• What you need to do:
Look through the entries below and copy exactly the part that begins with the line containing "TX license plate BDM2117" and ends with the line containing "7 days to die craftable rotten flesh". Do not copy the pictures.

• Data for this task:
----
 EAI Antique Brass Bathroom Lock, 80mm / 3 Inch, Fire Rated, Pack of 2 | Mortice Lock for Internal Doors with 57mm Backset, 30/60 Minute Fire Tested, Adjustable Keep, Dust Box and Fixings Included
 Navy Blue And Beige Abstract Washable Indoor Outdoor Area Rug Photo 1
----
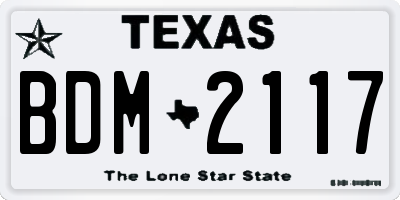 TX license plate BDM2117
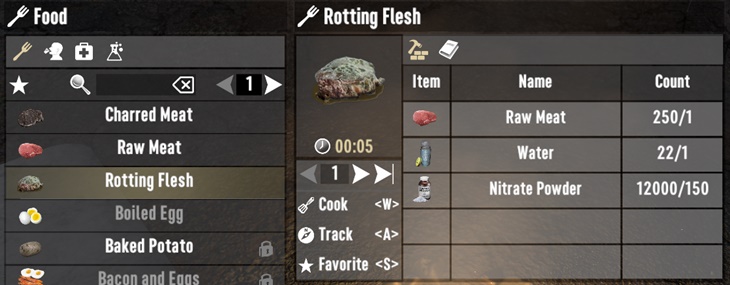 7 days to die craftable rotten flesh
----
• Solution to this exercise:
 TX license plate BDM2117
 7 days to die craftable rotten flesh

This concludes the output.